Task material →
·····

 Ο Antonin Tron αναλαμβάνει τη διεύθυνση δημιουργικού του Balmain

·····

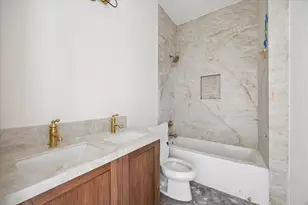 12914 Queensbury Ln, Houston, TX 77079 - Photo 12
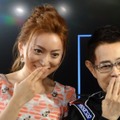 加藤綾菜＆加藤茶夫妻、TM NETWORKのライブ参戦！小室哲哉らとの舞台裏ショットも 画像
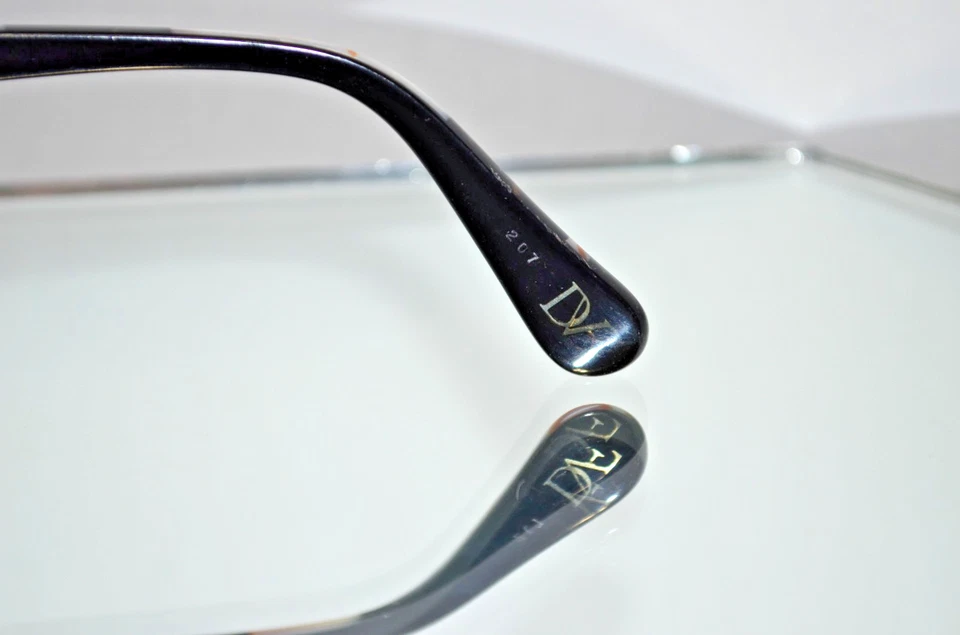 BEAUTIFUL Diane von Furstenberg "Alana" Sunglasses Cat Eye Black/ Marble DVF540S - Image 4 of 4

·····

Description of the task → What's needed is an exact copy of the records above from the line containing "12914 Queensbury Ln, Houston, TX" down to the line containing "BEAUTIFUL Diane von", both included, without any pictures.

Completed exercise →
 12914 Queensbury Ln, Houston, TX 77079 - Photo 12
 加藤綾菜＆加藤茶夫妻、TM NETWORKのライブ参戦！小室哲哉らとの舞台裏ショットも 画像
 BEAUTIFUL Diane von Furstenberg "Alana" Sunglasses Cat Eye Black/ Marble DVF540S - Image 4 of 4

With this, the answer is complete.